Control pictures are used to represent the corresponding control character (e.g. is a literal NUL character). Don't worry much about trying to read the code; there's a more readable version below.

Run with -Mbigint -MMath::ModInt=mod -MMath::Polynomial -MNtheory=:all. -MMath::Bigint=lib,GMP is not necessary (and thus not included in the score), but if you add it before the other libraries it'll make the program run somewhat faster.

Score calculation

The algorithm here is somewhat improvable, but would be rather harder to write (due to Perl not having the appropriate libraries). Because of this, I made a couple of size/efficiency tradeoffs in the code, on the basis that given that bytes can be saved in the encoding, there's no point in trying to shave off every point from golfing.
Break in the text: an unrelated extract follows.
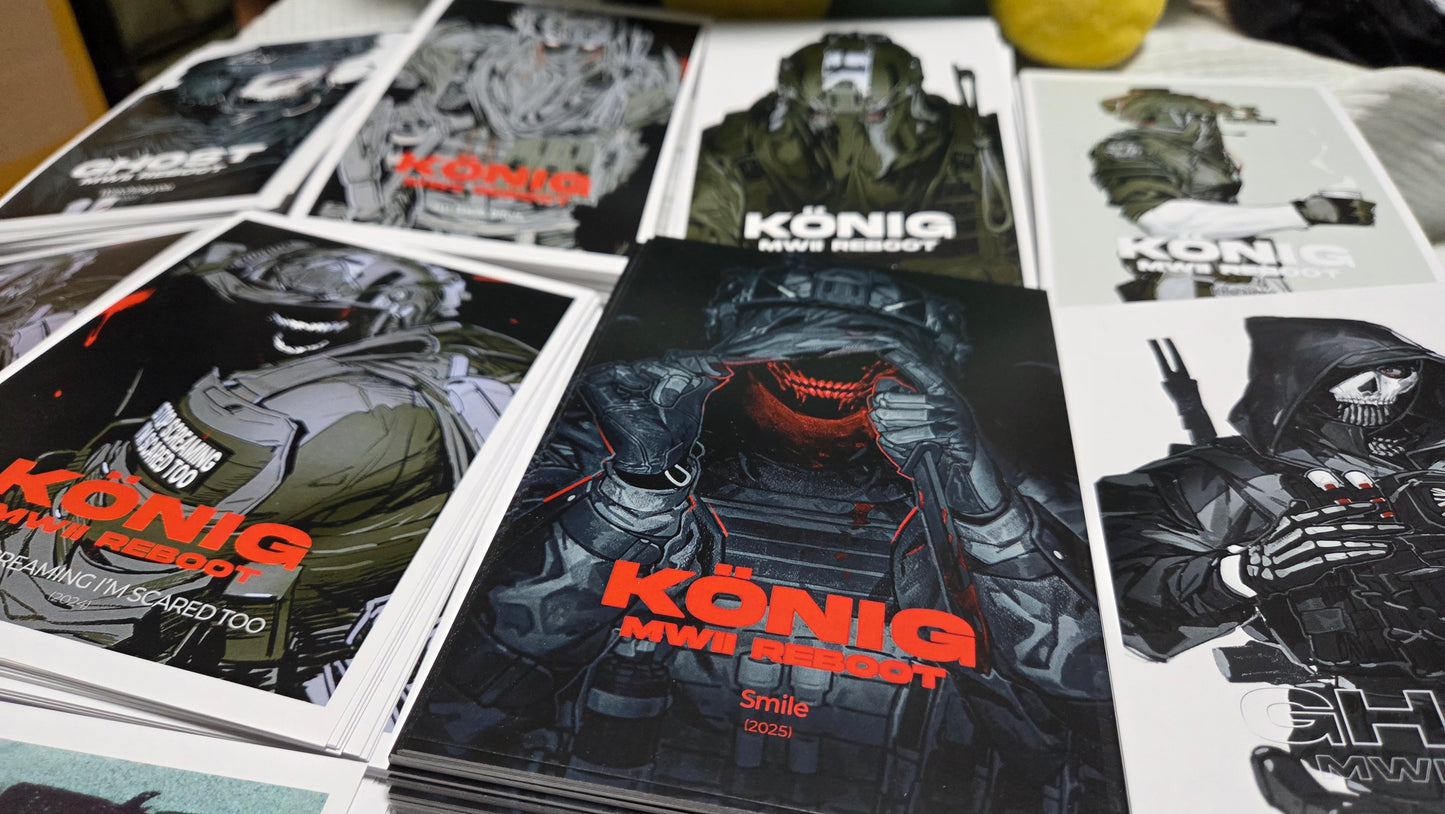 CoD Poster cards (König)
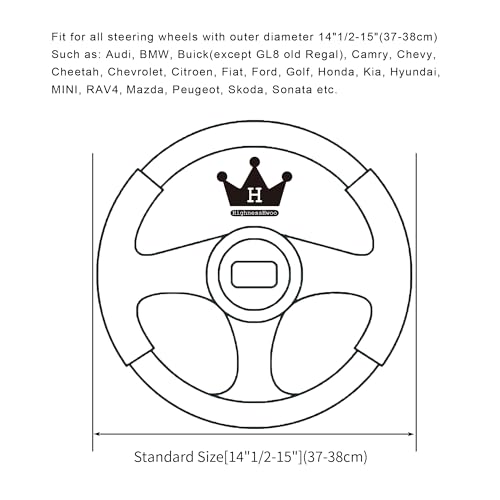 Luxury Fluffy Winter Car Steering Wheel Cover for Women Soft Warm Plush Cute Auto Accessories for Vehicle, Sedan, Universal, Fuzzy, Anti Slip, Gray, Standard Size, 14.75-15.15"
The program consists of 600 bytes of code, plus 78 bytes of penalties for command-line options, giving a 678 point penalty. The rest of the score was calculated by running the program on the best-case and worst-case (in terms of output length) string for every length from 0 to 99 and every radiation level from 0 to 9; the average case is somewhere in between, and this gives bounds on the score. (It's not worth trying to calculate the exact value unless another entry comes in with a similar score.)

This therefore means that the score from encoding efficiency is in the range 91100 to 92141 inclusive, thus the final score is:

91100 + 600 + 78 = 91778 ≤ score ≤ 92819 = 92141 + 600 + 78

Less-golfed version, with comments and test code

This is the original program + newlines, indentation, and comments. (Actually, the golfed version was produced by removing newlines/indentation/comments from this version.)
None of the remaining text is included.